Engaging Momentum
I sit on
the stairs of the forest theater contemplating scale, risk, the practice of
monitoring & evaluation, self-organisation, Turkana, hurricane Floyd, and burgundian
climatology. I use twigs and get nowhere.
Decide to get up and go. In the car on the way to
"Carole's
and Rob's excitement about my baseline paper had something to do with the
empowerment to say something against measurement paradigms. 'So
what if you created a baseline?' The issue of importance is momentum. Carole has given me the
momentum to see in a certain way. I have been developing a research
perspective, not a topic."
I follow my notes.
Momentum:
Because
consciousness is like a river
We awake in its
currents,
swim
and leave behind our stories.
The
problem of choosing an effective scale of analysis is not devoid of momentum,
it is about understanding the flow of momentum.
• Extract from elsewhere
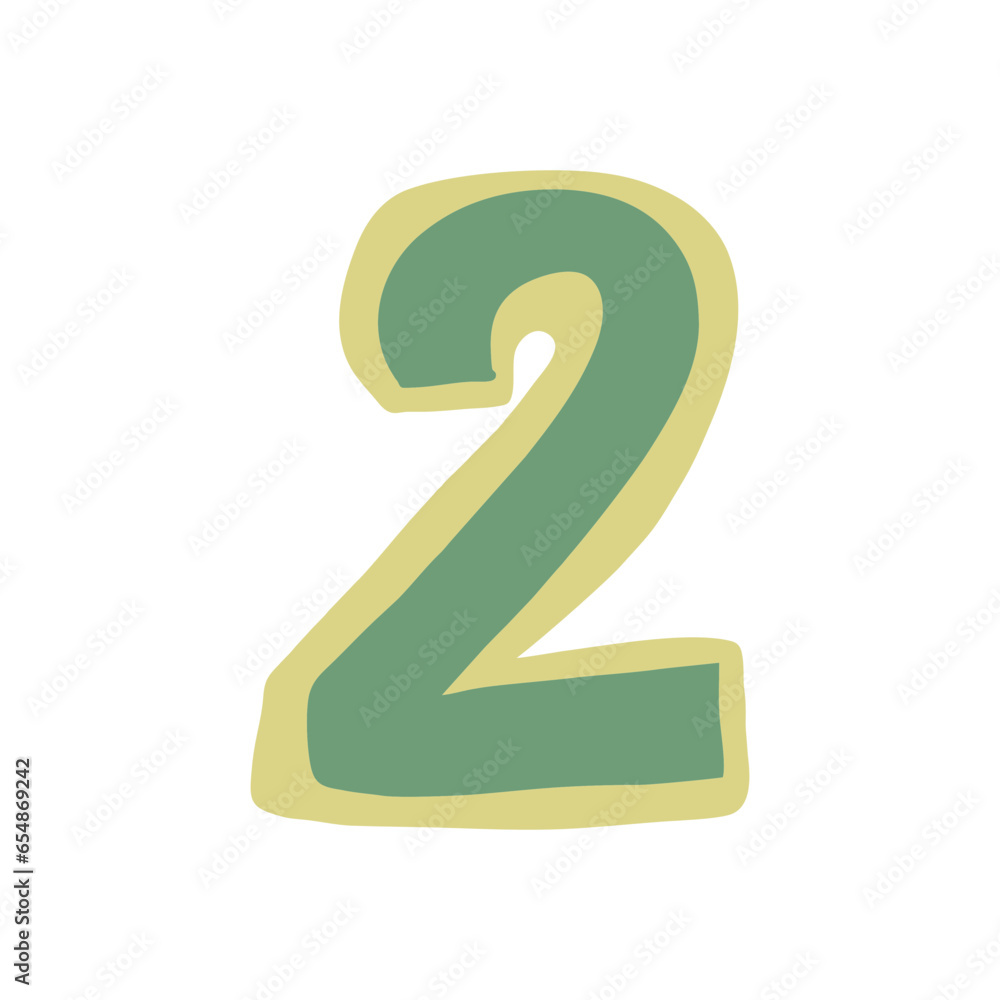 Number icon cartoon vector Number icon cartoon vector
Momentum is where the power
goes. Where attraction occurs. Hierarchy and heterarchy are mere results of the momentum that life
carried within. They are our reactions against the momentum in which we were
all thrown at birth, from which we awoke when consciousness developed
self-reflexivity.
Those
scientists creating their models are impacted by it as well. Being a scientists is creating a certain type of academic
momentum. How long has it taken me to become that "academic"? When I
am selected to be a co-investigator, I am adding the reference to my momentum.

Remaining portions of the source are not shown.